KANTAR survey: Only 40% of breast cancer patients know the benefits of genomic testing
Breast cancer is the most feared type of cancer among women in Germany, according to a recent representative survey commissioned by Agendia, a world leader in personalized medicine and molecular cancer diagnostics. 21% of the over 1,000 women questioned in a telephone survey carried out by KANTAR Emnid said that of all cancers, they most feared breast cancer, slightly ahead of colon and lung cancer (both at 20%). Over half (57%) of respondents said that they, or a relative or friend, have already been affected by breast cancer.
The survey also highlighted a major gap in women’s knowledge about genomic testing in breast cancer. Although 73% of respondents said that they felt “rather well” or “very well” informed about breast cancer treatment options less than half (40%) knew about the role of of genomic tests to deliver important information, based on the individual biology of a breast cancer tumor, to better inform their doctors and themselves in making personalized treatment management decisions. Women need to know more about these genomic tests, such as the MammaPrint® 70-Gene Breast Cancer Risk of Recurrence Test, to ensure that they, and their family and friends are informed and empowered to request a test should they ever need it.
Current international clinical guidelines, such as those of the German Gynecological Oncology Group (AGO), American Society of Clinical Oncology (ASCO), the European Society of Medical Oncology (ESMO), the St. Gallen Consensus and the European Group on Tumour Markers (EGTM), recommend the use of MammaPrint and other breast cancer risk-of-recurrence genomic tests. Clinical practice guidelines provide valuable information for doctors and outline appropriate tests, methods of treatment, and care.
The MammaPrint test analyses the activity of the 70 genes most associated with breast cancer recurrence and provides a Low Risk or a High Risk-of-recurrence result. This enables doctors to identify those women with a certain type of early-stage invasive breast cancer who are at low risk of their breast cancer recurring and who will have no significant benefit of chemotherapy. Indeed, the findings of the MINDACT trial, published in August 2016, found that three out of four women with the most common form of breast cancer were identified by MammaPrint as Low Risk.

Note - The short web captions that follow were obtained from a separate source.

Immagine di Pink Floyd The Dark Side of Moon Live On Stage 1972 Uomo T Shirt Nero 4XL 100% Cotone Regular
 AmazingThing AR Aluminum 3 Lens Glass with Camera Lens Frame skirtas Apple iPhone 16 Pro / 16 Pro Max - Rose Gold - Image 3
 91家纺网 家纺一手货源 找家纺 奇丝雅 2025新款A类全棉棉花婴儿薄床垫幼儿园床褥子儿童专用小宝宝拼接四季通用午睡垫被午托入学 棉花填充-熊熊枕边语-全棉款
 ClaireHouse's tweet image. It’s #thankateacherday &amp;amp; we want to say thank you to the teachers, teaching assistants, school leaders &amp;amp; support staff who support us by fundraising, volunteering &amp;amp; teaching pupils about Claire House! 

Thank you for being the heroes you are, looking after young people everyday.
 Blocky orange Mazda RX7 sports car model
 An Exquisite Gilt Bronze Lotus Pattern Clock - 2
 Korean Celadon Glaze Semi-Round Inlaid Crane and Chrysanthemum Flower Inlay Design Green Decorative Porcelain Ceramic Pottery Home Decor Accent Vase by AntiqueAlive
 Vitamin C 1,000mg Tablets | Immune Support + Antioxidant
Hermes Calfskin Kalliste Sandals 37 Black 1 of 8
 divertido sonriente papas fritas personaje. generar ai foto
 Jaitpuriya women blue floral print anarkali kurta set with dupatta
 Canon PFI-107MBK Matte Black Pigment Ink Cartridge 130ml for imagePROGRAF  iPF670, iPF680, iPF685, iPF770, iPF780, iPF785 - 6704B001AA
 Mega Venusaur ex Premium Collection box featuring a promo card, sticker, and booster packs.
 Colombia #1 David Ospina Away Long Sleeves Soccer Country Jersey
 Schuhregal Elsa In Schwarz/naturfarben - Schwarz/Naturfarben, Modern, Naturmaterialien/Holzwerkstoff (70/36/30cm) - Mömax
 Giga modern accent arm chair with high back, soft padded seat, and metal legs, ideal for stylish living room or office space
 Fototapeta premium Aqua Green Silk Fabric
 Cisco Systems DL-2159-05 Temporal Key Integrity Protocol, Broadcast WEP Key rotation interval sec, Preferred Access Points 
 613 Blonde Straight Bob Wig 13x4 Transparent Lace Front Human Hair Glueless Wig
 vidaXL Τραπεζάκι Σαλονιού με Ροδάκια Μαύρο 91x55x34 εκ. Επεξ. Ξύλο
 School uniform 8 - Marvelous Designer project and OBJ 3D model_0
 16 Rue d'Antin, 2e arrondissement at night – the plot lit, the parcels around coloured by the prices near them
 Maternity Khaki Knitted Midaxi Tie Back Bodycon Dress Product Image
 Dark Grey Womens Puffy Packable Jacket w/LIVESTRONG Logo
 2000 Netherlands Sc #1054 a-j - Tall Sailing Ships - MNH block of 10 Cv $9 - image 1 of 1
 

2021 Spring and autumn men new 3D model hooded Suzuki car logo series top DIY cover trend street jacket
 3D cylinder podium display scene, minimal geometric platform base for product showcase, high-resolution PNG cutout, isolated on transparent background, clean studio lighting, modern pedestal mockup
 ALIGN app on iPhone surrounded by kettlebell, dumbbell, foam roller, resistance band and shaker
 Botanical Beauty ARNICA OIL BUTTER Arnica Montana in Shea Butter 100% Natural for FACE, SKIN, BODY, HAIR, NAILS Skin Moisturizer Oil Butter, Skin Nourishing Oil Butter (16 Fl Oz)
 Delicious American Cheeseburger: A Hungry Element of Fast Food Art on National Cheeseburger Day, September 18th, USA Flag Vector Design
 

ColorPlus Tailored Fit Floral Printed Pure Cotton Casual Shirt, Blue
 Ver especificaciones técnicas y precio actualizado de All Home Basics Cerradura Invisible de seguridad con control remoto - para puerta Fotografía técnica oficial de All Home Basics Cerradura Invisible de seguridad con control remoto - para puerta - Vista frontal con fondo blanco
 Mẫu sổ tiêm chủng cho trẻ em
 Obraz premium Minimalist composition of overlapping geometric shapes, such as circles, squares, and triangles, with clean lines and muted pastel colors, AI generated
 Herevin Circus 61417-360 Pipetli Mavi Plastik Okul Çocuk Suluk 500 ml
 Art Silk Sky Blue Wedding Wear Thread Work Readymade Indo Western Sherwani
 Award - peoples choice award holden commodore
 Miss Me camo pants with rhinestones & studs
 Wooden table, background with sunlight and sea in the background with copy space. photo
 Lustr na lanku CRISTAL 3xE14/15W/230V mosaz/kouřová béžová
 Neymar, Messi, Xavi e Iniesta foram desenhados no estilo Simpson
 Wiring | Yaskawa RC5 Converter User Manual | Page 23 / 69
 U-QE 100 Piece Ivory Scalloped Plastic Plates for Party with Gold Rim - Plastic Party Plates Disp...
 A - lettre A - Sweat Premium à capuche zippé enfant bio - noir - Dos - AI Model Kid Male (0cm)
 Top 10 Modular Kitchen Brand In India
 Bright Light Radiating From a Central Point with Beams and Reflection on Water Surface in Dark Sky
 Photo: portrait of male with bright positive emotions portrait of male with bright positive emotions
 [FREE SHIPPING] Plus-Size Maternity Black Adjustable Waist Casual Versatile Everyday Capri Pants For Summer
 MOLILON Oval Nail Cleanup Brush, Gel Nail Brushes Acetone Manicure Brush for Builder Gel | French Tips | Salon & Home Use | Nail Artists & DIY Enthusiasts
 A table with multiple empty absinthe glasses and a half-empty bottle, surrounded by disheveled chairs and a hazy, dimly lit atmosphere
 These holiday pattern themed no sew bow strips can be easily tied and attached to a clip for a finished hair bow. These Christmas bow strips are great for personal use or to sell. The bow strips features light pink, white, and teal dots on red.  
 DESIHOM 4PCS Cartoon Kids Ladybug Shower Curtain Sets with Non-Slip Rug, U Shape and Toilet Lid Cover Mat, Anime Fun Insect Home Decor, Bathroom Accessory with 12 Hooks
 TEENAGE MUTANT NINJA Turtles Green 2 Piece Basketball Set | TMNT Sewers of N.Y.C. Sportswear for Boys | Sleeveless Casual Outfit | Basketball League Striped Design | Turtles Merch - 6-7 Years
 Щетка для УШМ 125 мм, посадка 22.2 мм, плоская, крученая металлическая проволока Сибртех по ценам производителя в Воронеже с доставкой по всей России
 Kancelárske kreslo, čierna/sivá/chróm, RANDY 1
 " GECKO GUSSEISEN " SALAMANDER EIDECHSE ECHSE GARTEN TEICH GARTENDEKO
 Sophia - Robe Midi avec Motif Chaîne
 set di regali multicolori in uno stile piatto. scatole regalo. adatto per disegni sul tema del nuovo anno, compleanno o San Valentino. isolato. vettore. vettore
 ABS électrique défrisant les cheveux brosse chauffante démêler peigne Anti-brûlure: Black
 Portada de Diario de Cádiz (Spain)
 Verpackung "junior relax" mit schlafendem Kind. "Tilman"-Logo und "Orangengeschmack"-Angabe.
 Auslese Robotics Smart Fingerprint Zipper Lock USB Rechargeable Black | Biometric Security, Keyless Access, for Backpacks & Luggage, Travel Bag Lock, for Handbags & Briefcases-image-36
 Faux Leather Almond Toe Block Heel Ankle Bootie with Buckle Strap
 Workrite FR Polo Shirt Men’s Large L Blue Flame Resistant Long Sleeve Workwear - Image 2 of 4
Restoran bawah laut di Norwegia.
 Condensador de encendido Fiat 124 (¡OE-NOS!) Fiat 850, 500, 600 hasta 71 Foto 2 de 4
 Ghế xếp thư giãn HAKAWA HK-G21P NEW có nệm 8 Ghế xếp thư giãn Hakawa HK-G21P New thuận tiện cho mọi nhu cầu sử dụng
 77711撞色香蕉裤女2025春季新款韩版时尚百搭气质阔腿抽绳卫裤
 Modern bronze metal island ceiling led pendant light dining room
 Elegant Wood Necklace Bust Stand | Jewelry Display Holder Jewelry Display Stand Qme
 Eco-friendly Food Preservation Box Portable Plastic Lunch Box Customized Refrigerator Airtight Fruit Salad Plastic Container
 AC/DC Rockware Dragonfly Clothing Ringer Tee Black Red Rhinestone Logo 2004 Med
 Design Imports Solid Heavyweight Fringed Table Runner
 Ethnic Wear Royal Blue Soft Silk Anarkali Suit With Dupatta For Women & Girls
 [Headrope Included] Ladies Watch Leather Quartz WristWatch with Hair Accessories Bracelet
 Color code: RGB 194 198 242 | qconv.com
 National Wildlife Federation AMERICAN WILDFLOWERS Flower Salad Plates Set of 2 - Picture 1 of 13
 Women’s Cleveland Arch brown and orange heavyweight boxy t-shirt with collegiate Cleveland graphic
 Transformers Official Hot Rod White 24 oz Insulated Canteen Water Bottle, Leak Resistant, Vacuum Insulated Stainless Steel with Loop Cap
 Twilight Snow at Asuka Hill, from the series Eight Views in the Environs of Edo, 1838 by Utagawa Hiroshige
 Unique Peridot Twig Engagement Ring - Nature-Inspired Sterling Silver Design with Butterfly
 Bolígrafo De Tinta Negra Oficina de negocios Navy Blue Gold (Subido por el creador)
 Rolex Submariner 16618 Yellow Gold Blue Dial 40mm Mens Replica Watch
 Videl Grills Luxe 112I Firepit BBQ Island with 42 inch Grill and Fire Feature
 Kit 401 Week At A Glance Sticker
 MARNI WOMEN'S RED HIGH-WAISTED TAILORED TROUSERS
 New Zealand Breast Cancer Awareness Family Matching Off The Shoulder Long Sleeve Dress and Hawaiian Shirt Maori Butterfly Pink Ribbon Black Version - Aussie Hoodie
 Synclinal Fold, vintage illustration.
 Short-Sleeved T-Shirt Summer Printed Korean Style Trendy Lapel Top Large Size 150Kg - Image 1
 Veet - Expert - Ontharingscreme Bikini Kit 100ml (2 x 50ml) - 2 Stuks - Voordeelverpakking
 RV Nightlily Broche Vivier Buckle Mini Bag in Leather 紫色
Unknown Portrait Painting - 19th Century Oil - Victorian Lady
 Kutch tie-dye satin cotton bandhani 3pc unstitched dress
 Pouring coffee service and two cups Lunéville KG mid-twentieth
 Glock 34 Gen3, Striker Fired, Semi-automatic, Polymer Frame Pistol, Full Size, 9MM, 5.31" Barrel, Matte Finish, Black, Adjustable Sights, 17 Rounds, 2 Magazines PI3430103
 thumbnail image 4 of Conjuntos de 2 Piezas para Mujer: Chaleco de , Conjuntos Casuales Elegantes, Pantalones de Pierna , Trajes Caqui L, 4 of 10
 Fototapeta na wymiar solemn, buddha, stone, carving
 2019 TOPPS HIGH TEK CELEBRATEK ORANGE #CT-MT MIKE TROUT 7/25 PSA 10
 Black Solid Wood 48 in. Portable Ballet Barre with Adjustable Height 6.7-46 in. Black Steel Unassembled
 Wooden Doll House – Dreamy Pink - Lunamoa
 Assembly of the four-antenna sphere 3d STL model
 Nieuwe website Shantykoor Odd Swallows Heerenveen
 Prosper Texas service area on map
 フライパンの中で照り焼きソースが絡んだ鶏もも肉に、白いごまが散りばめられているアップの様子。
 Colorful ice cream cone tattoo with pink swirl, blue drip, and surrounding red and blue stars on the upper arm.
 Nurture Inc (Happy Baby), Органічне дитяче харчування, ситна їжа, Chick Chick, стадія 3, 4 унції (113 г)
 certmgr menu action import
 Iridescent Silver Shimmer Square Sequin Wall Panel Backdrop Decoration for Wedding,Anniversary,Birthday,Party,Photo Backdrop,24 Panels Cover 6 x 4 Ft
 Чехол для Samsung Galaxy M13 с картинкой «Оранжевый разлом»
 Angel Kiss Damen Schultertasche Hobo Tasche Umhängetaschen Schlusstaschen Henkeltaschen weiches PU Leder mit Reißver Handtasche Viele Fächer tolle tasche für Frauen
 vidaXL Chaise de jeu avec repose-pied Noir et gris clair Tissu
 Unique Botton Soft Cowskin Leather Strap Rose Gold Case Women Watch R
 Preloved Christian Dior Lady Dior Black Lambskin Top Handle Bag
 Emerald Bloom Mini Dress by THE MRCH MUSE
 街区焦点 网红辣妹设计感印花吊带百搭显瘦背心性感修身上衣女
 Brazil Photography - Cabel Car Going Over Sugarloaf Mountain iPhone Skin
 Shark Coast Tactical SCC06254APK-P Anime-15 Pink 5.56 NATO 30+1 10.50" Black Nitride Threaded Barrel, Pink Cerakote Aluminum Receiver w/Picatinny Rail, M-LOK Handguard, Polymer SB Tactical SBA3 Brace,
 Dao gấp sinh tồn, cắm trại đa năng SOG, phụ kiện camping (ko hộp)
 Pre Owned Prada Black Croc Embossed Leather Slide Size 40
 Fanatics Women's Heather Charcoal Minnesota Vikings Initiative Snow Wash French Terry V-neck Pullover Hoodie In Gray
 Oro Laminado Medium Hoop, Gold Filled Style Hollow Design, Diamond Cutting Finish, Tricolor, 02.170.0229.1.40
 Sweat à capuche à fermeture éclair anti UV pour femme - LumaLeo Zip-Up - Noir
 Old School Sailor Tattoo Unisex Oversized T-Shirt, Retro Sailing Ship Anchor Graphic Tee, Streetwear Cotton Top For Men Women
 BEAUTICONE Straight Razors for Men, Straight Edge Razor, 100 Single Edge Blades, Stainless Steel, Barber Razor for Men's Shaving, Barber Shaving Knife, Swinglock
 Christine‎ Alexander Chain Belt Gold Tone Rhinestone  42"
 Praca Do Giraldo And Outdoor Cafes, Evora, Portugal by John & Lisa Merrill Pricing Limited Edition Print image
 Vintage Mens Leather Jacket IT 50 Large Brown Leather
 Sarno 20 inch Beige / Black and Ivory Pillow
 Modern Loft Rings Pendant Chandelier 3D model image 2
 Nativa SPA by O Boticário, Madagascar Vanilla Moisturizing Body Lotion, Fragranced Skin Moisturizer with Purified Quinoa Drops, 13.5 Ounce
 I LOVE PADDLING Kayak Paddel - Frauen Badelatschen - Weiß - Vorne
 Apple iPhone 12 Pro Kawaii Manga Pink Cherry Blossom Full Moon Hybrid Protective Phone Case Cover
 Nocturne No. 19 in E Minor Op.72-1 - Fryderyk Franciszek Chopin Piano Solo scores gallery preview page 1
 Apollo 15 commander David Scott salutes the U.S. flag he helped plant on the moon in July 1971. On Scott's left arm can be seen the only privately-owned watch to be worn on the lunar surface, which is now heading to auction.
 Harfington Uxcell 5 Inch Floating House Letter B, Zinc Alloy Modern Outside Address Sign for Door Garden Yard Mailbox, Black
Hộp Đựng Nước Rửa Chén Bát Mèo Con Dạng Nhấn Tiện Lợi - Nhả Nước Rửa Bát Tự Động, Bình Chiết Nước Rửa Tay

“Every physician should consider their patient’s personal treatment preferences and ensure that they have all of the information possible on which to agree the most beneficial approach. We should explain to each appropriate breast cancer patient the opportunity that genomic testing offers and discuss all aspects of the therapy,” said breast cancer expert Prof. Dr. med. Nadia Harbeck, head of the Breast Center at the University of Munich (LMU).
“By analyzing the genes, we contribute, amongst other factors, to keeping the frequency of unnecessarily prescribed adjuvant chemotherapy as low as possible for patients with a high risk of relapse based on conventional clinicopathological factors but a low genomic risk.”
Breast cancer is the most frequently diagnosed cancer in women worldwide. In 2012, there were nearly 1.7 million new breast cancer cases among women worldwide, accounting for 25% of all new cancer cases in women.